Problem statement: Given the entries below, would you transcribe exactly the lines starting at the one with "Raperda tentang RPJPD" and ending at the one with "VANDERBILT BAY - Residential", both kept, pictures omitted, nothing extra?
*** Opening Provided data ***
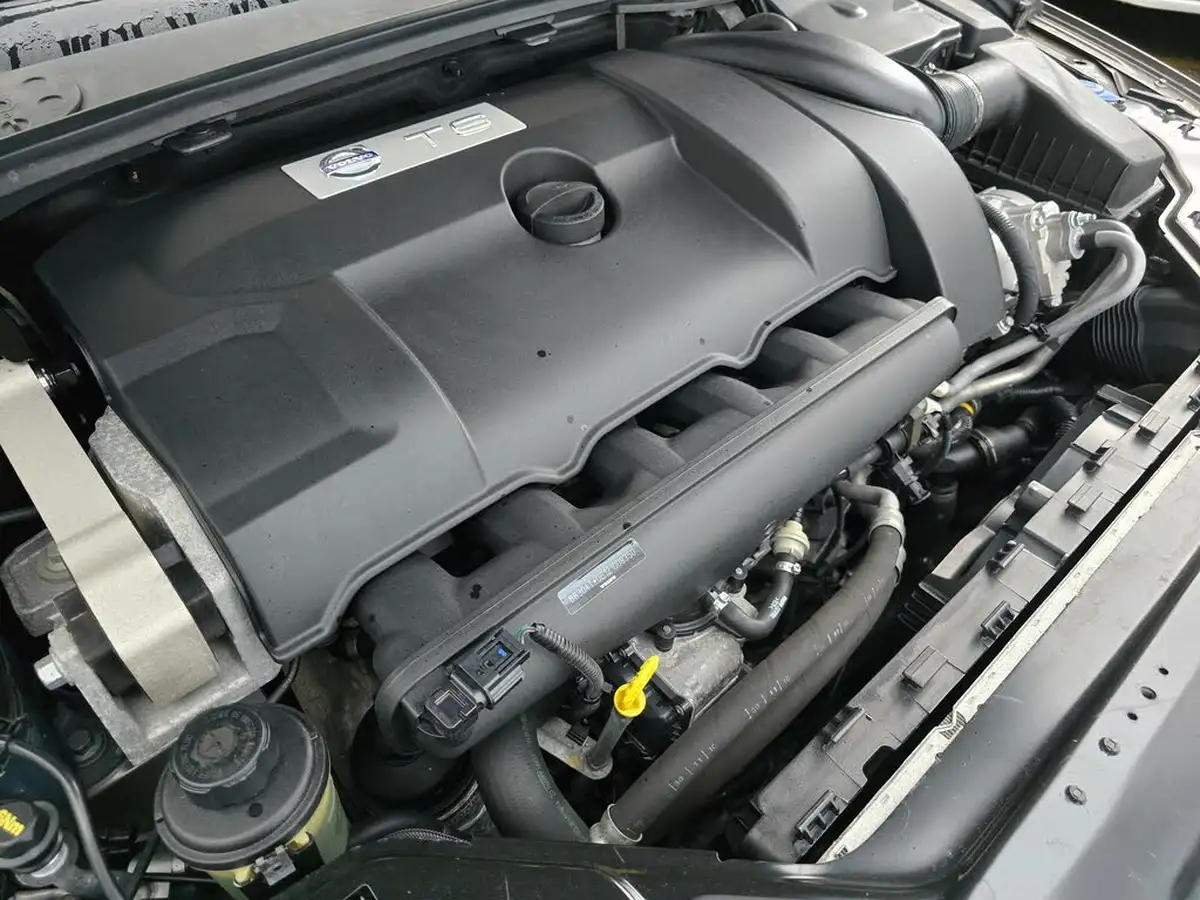 2011-volvo-xc70-30-t6-se-big-76
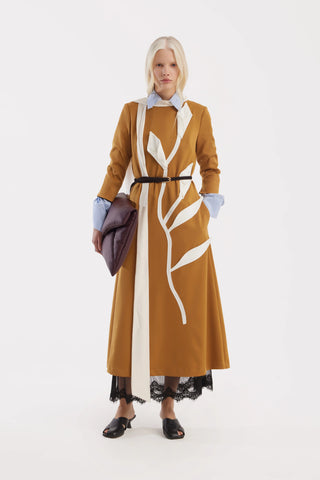 Rochie semi-cambrată cu mâneci trei sferturi, inspirată din artă — muștar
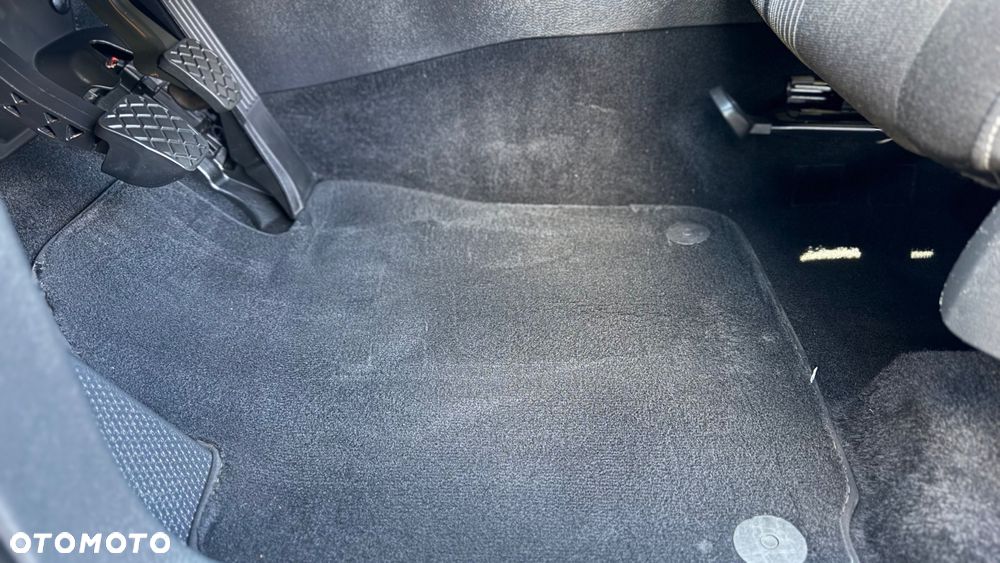 Volkswagen Golf 1.6 TDI DPF MATCH - 20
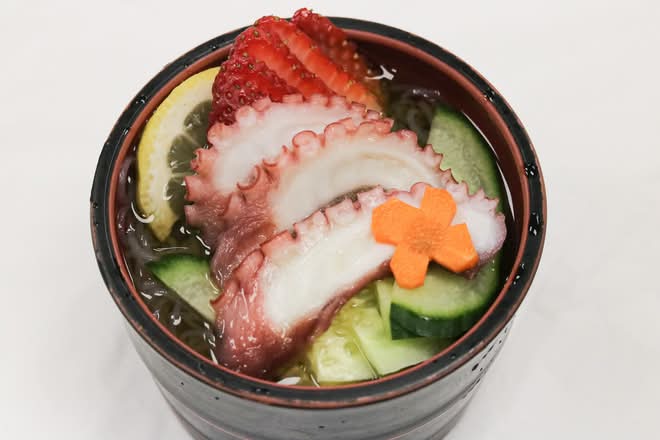 Tako Sunomono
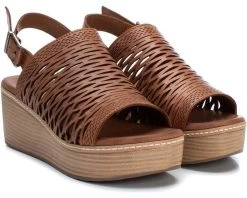 Carmela Camel Salina Women's Wedge Slingback Sandals C2225230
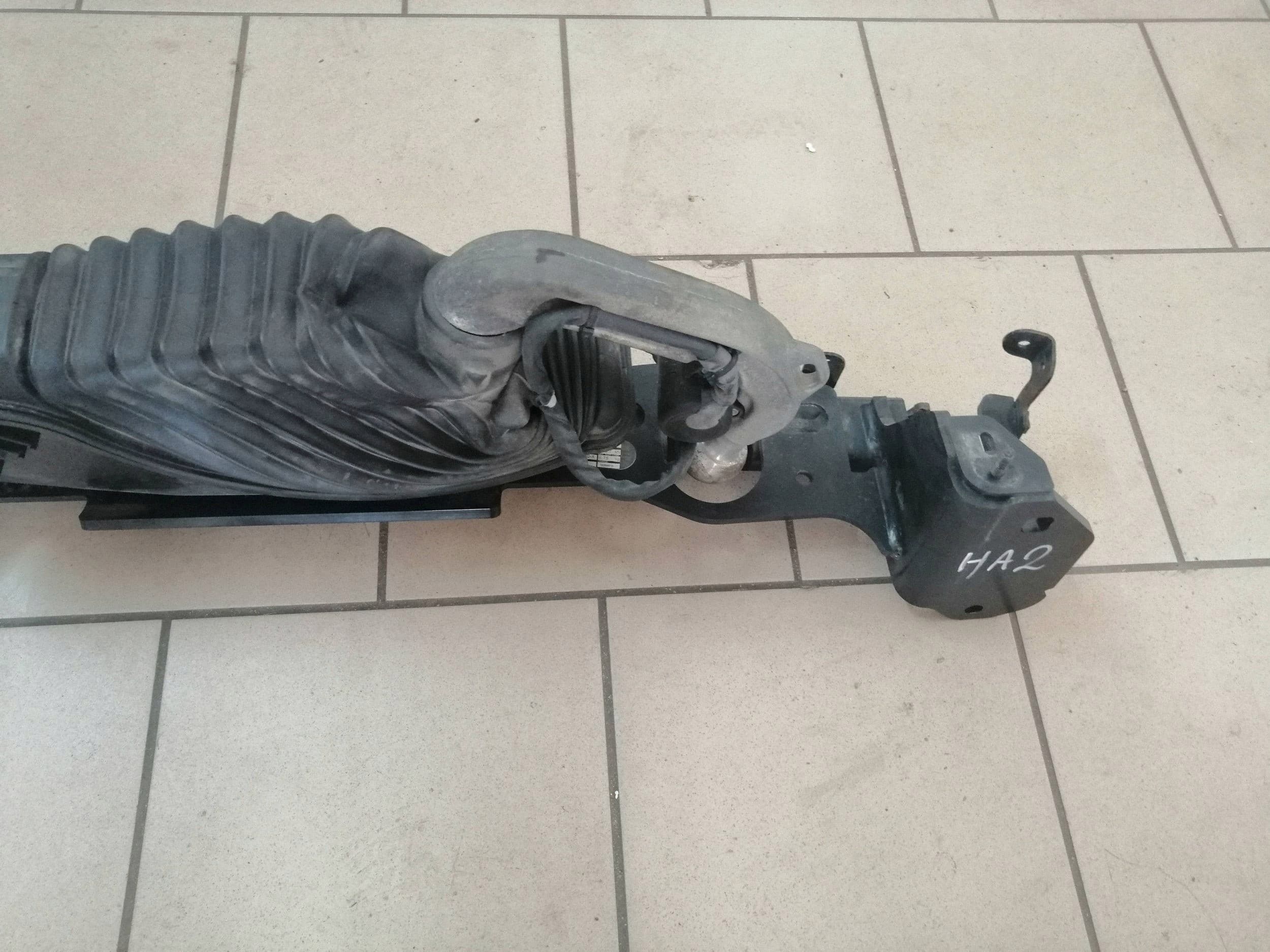 Gancho de Remolque Trasero para BMW Serie 3 G20 G21 usado 2
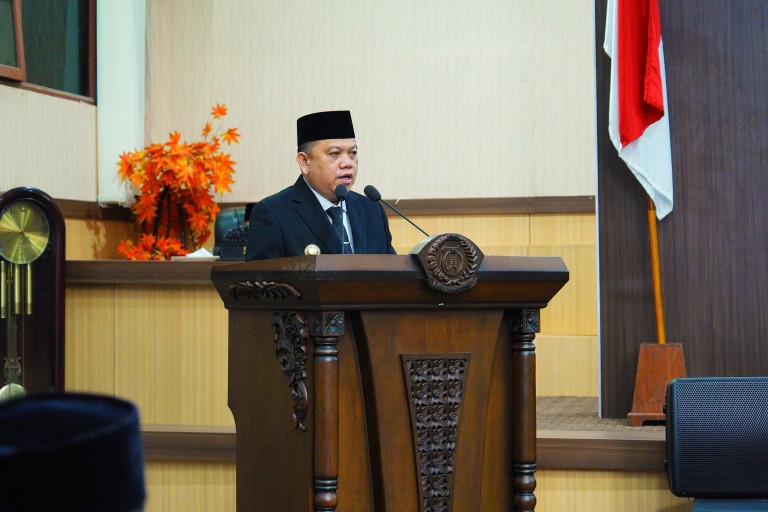 Raperda tentang RPJPD Kabupaten Muba Tahun 2025-2045 dan Raperda tentang Pencegahan dan Peningkatan Kualitas terhadap Perumahan Kumuh dan Permukiman Kumuh, di Ruang Rapat Paripurna DPRD Muba, Senin (24/6/2024).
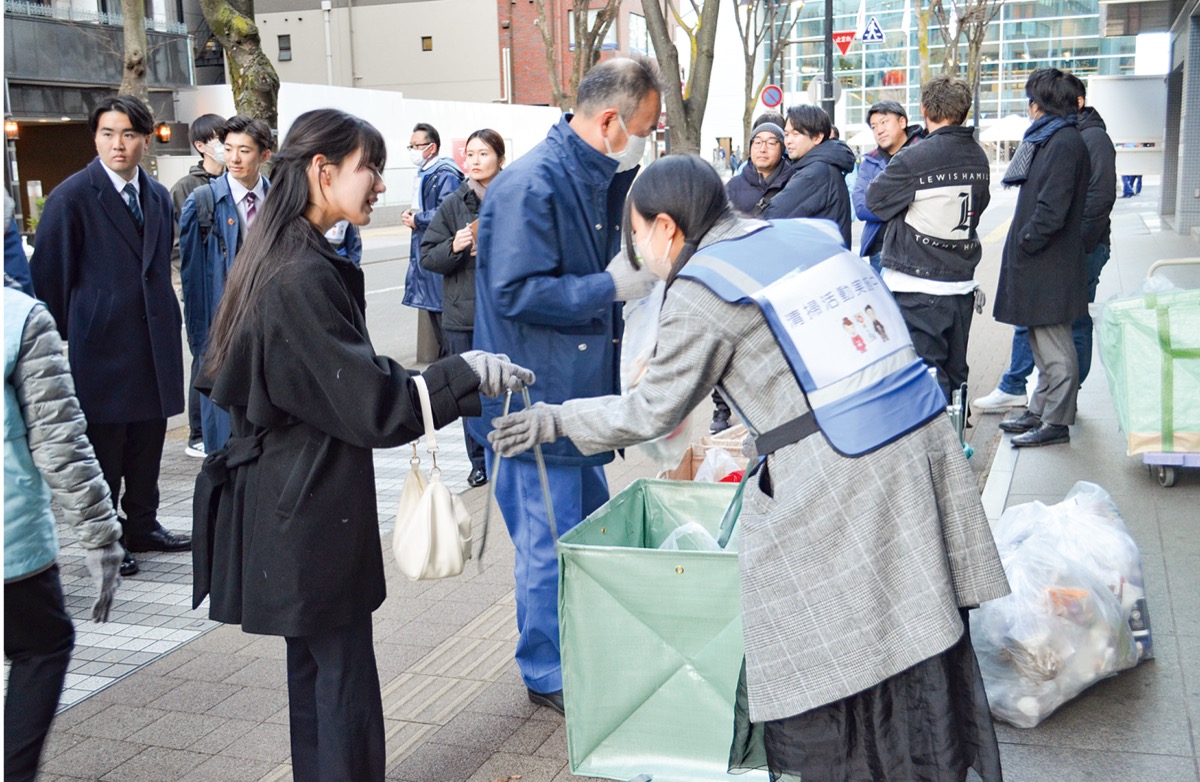 式典参加者らも美化活動
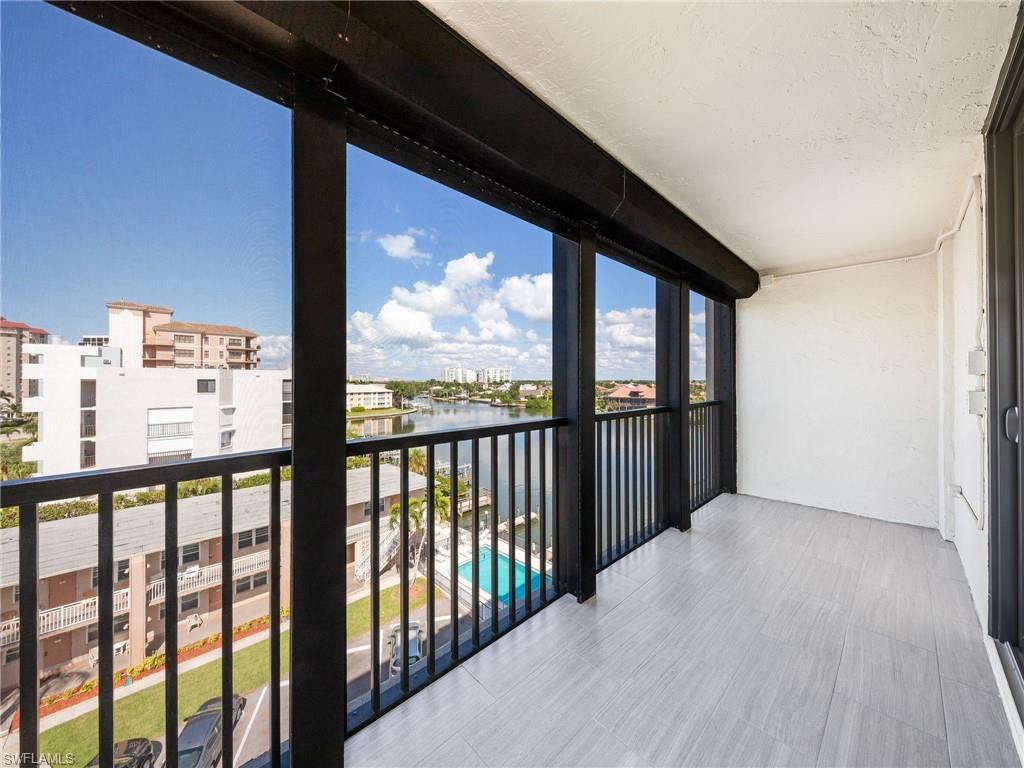 VANDERBILT BAY - Residential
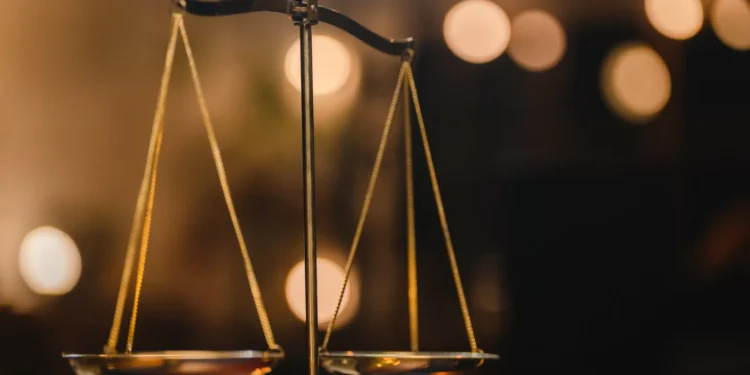 Tribunal mantém detenção domiciliária de assessor de Netanyhau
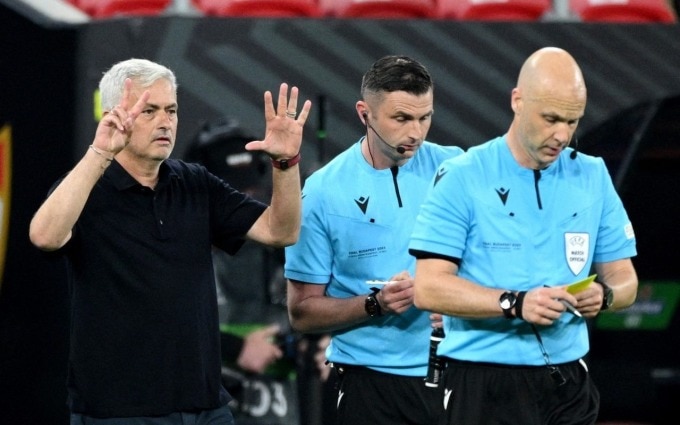 Mourinho réagit à l'arbitre Taylor lors de la finale de la Ligue Europa au stade Puskas, à Budapest, en Hongrie, le 31 mai. Photo : Reuters
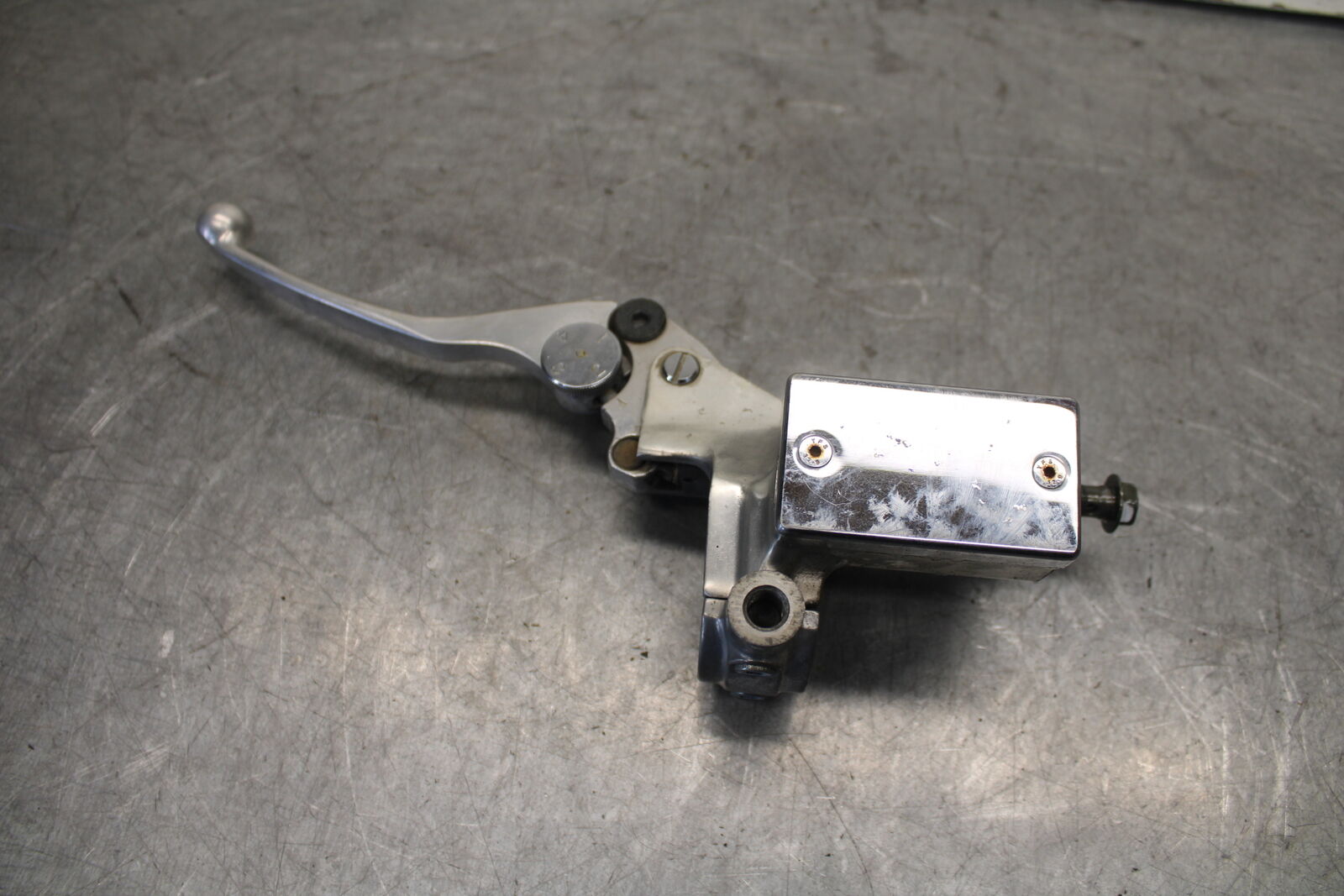 05-09 SUZUKI BOULEVARD C90 CLUTCH MASTER CYLINDER BB692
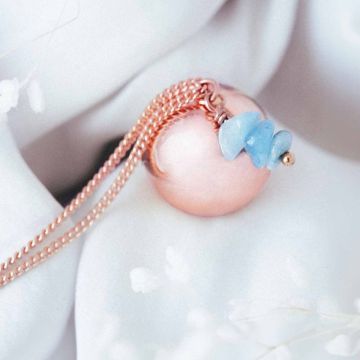 Schwangerschafts Bola Klangkugel aus Rotgold mit Aquamarin Stein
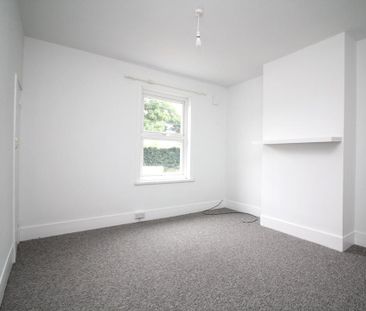 2 bedroom semi-detached house to rent - Photo 4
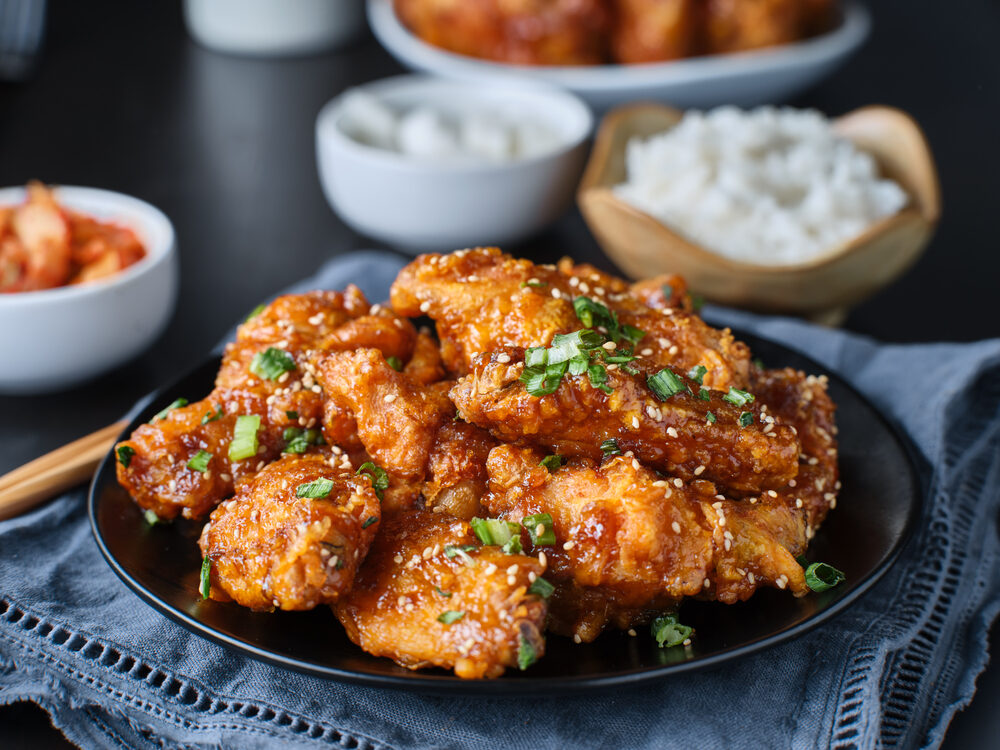 crispyfriedkoreanchickenwingsingalbisaucewithpickled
*** Closing Provided data ***
Solution:
 Raperda tentang RPJPD Kabupaten Muba Tahun 2025-2045 dan Raperda tentang Pencegahan dan Peningkatan Kualitas terhadap Perumahan Kumuh dan Permukiman Kumuh, di Ruang Rapat Paripurna DPRD Muba, Senin (24/6/2024).
 式典参加者らも美化活動
 VANDERBILT BAY - Residential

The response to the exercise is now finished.